"Bob Levey speaking."
"Hi, Bob. I'm a reader of yours who lives up near the Cathedral. Have you got five minutes?"
"Well, ma'am, I never like to make foolhardy predictions, but, yes, I'll probably survive at least that long."
"Glad to hear it. Anyway, what I want to talk about is fast food restaurants."
"The bane of my existence! A blot upon the Washington landscape! Repositories of everything that's bad for you and nothing that's good! The home of overflowing trash cans, ill-mannered kids, cholesterol-soaked food and tables that are always smeared with ketchup! Anything else you need to know?"
"Well, at least I know where you stand. What happened? Did Roy Rogers overcharge you?"
"Nothing that simple, ma'am. It's just that I consider every visit to a fast food restaurant a surrender, not a pleasure. The way the straws squeak when you shove them through the holes in those plastic lids. The way the hamburger buns are always overbuttered. The way the counter people say 'May I help you?' as if they're robots, not people. The whole scene drives me nuts."
"It drives me nuts, too, but for a different reason."
"Which is that fast food is about to destroy our family. I mean, I can't even believe this myself, but my 24-year-old daughter is about to get married. We gave her everything -- Tanglewood in the summer, private schools in Montgomery County, tutoring in French -- and you know what she wants?"
"To have Ronald McDonald perform the ceremony?"
"Almost that bad. She wants to have the reception at a Pizza Hut. I said absolutely not, so she said, 'Okay, we can have it at the church. But I want Pizza Hut pizza to be served, not finger sandwiches or anything like that.' "
"What about the wedding cake? Don't tell me she wants Colonel Sanders to fry one up for her that tastes like the original-recipe chicken."
"Worse than that. Instead of cake, she wants those little apple-pie turnover thingies that they sell at McDonald's."
"Ma'am, has it occurred to you that your daughter might be putting you on?"
"I only wish. She tells me I'm hopelessly old-fashioned. She says it's her wedding and she'll do what she pleases. And then when I try to talk sense to her, she says to me, 'Mother, do you know that McDonald's hamburgers are served as hot lunches at public schools in 17 states?' "
"I hate to tell you this, ma'am, but I think she's right."
"She is right. I looked into it, and I still don't believe it."
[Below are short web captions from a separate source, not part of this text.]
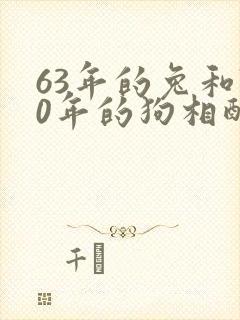 63年的兔和70年的狗相配财运如何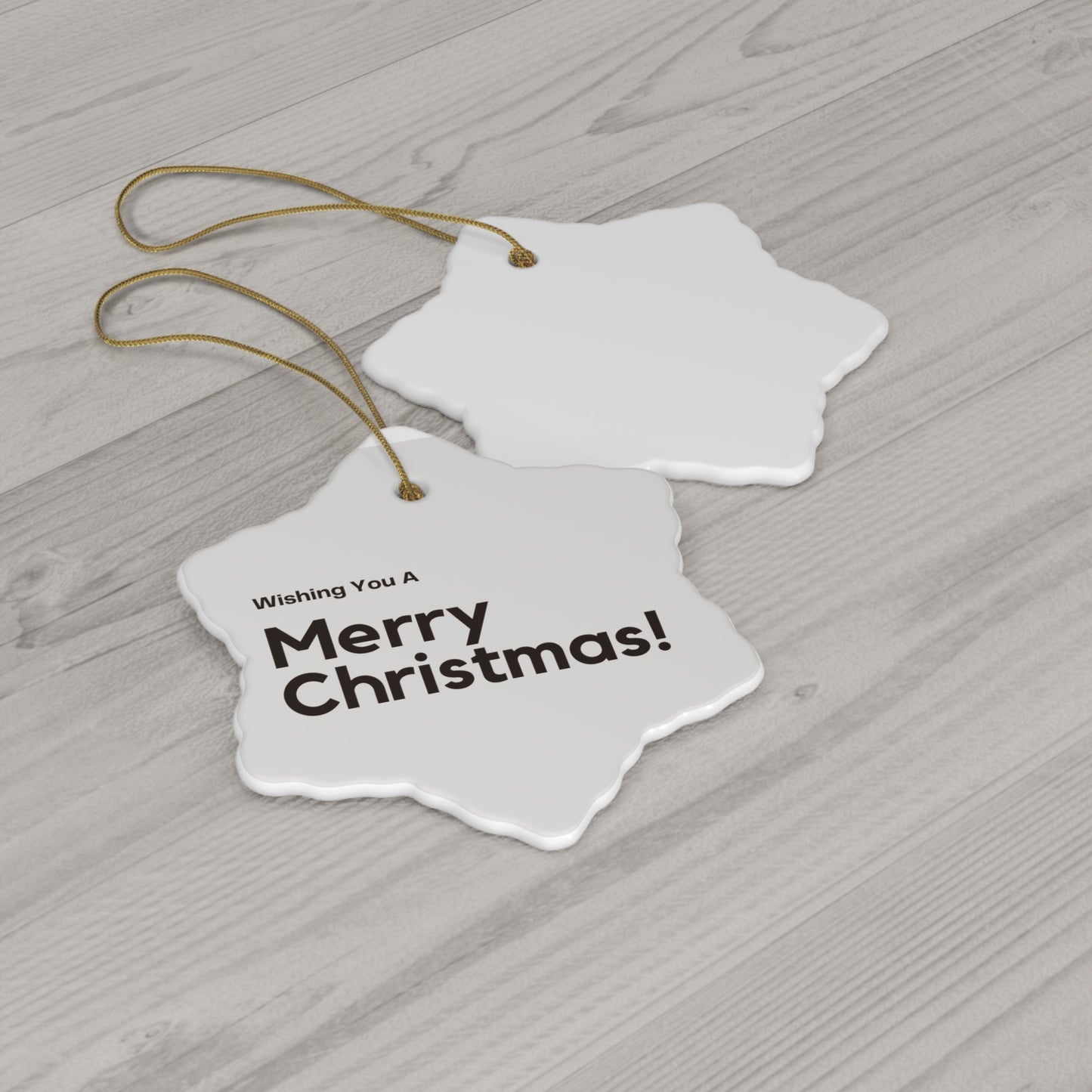Love Joy Merry Christmas Ceramic Ornament, 4 Shapes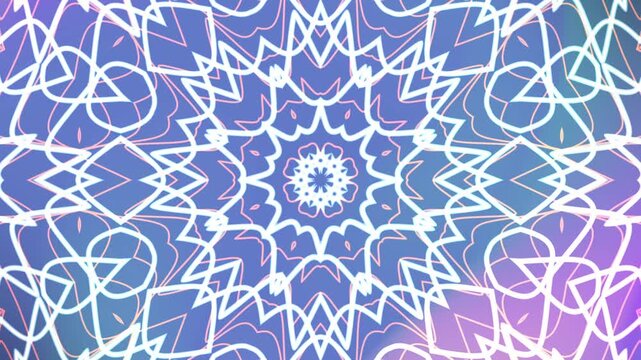 Web design, posters, and digital projects, featuring white geometric radial mandala overlay patterns in soft blue and purple shades. Creative and modern abstract background.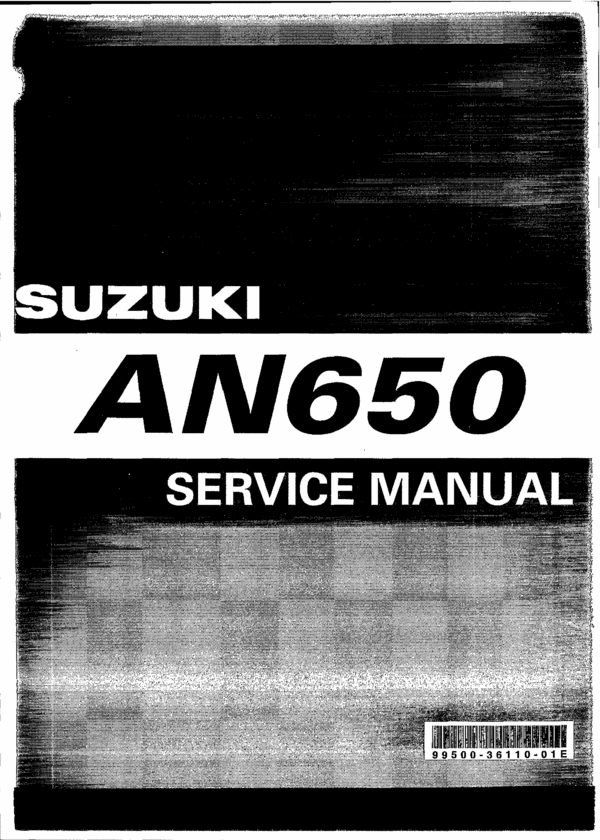 Product picture Suzuki Burgman AN650 2003 Service Repair Manual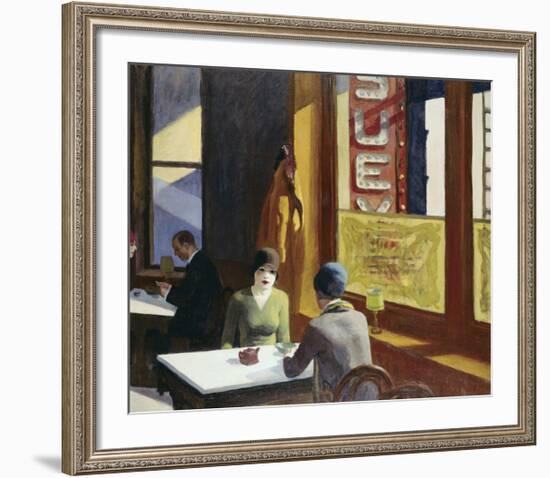 Chop Suey, 1929-Edward Hopper-Framed Giclee Print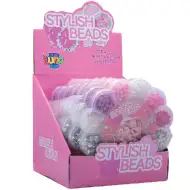 Luna: Perline infilabili in contenitore floreale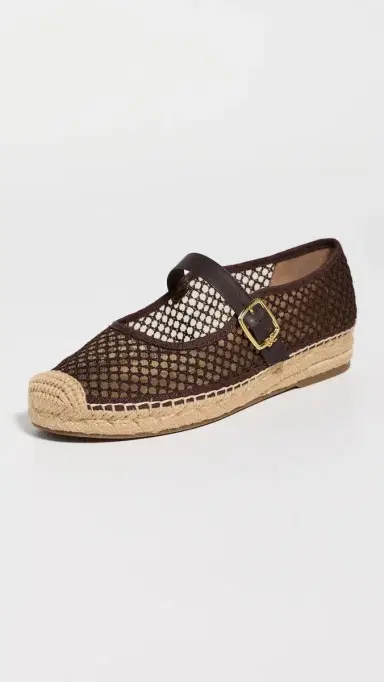 Sam Edelman Mackie Mesh Espadrilles Cafe Noir | Thumbnail 2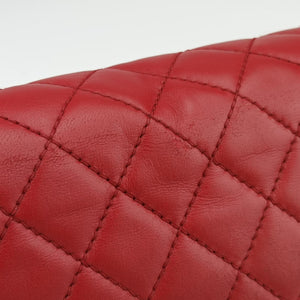 Secondhand Chanel BOY CHANEL Red Leather A67086 shoulderbag | stylenewstar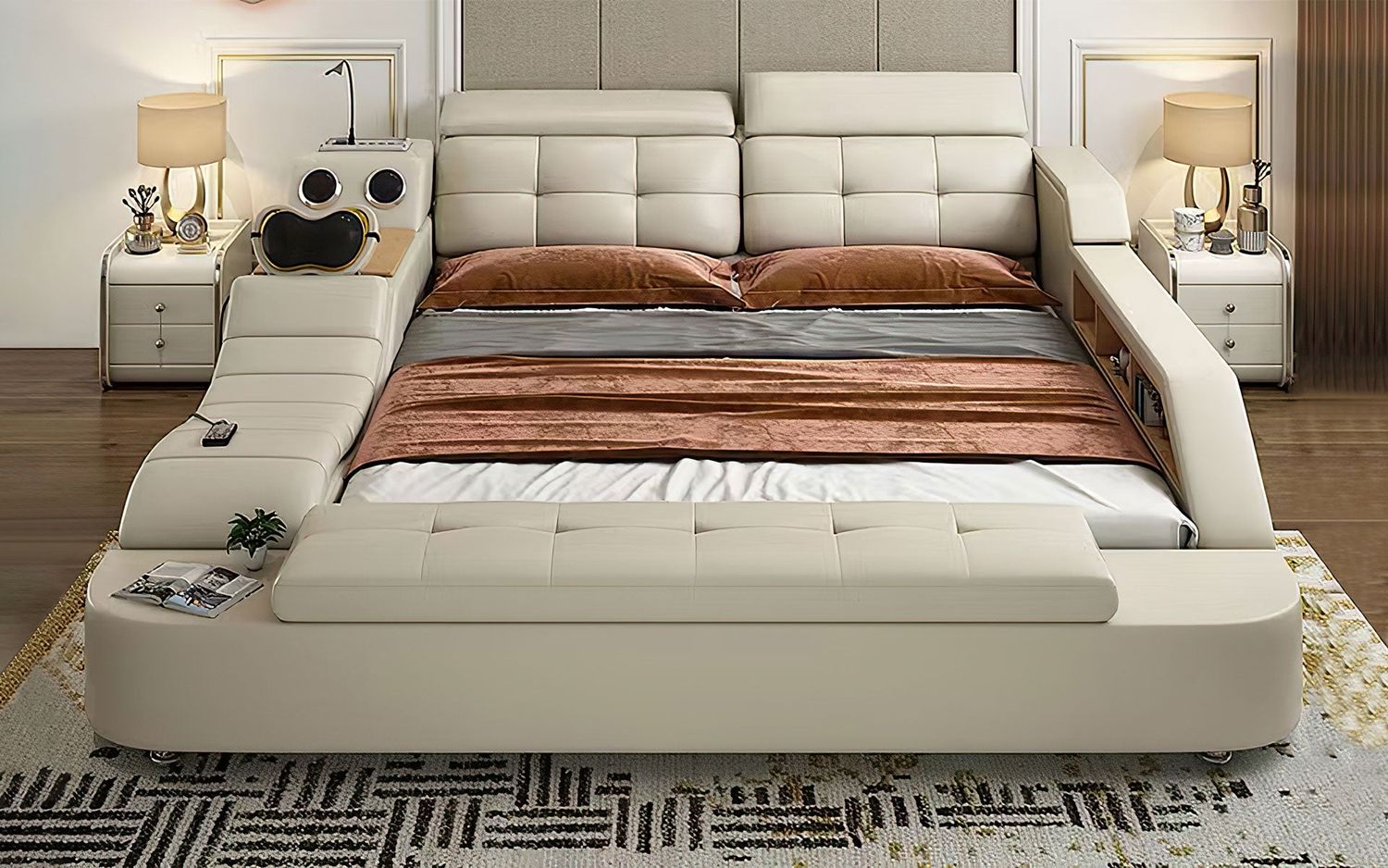 Jubilee - Raven Modern Multifunctional Smart Right Hand Facing Bed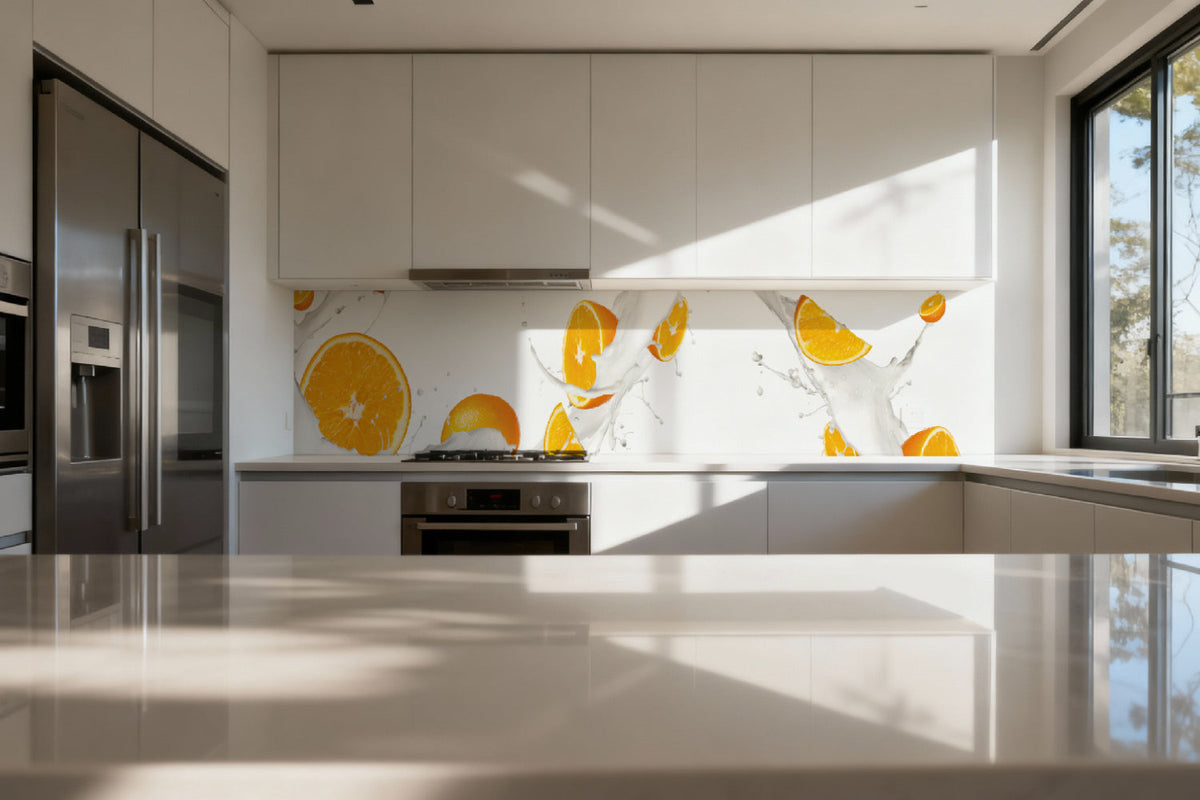 Küchenrückwand Orangen Splash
"Well, you sure are facing a toughie. Maybe someone else can talk some sense into your daughter. Maybe your minister?"
"Nice try, Bob. He eats lunch every day at Wendy's."
"All right. What about the groom's parents?"
"They're absolutely impossible. I don't know who's worse, them or their son. I mean, do you know what the mother said to me? She said, 'I don't see what's so bad about Pizza Hut pizza. At least you know they'll eat it.' What is this, Bob? A wedding reception for finicky five-year-olds, or a dignified occasion for adults?"
"I think I know the answer to that question, ma'am, and I don't think you're going to like it."
"(Sigh) I know the answer, too, Bob. It's just that . . . . well, like every parent, I'm sitting around wondering where I went wrong. Maybe if I'd fed her more vegetables when she was younger, or refused to buy Coke at the grocery store. Maybe if I'd taken her to Italy when she was younger, so she could see what real pizza tasted like, instead of this awful stuff at Pizza Hut."
"Don't blame yourself, ma'am. No parent should ever do that."
"All right, then, I won't. But what do I do, Bob? The wedding is in one month!"
"You trick her."
"Trick her? I'd like my daughter to speak to me sometime in the next 20 years!"
"No risk of that. You agree to the pizza demand. Just cave. Say to her, 'Okay, you want pizza? You'll have pizza.' Then you buy one large pie at Pizza Hut. Pepperoni, sausage, any kind you like. You have them deliver it to the reception. You cut it into about 250 pieces. You hire waiters from Ridgewell's, or one of those places. They serve it on fine china. That way, she wins, and you do, too."
"I like it, Bob!"
"Shucks, ma'am. 'Tweren't nuthin'."
"There's just one more thing."
"They don't want an orchestra, or even a string quartet. They want the tapes of Willie Nelson that they play at the 7-Eleven up on Wisconsin Avenue."
"(Deep sigh) That one, ma'am, is out of my league."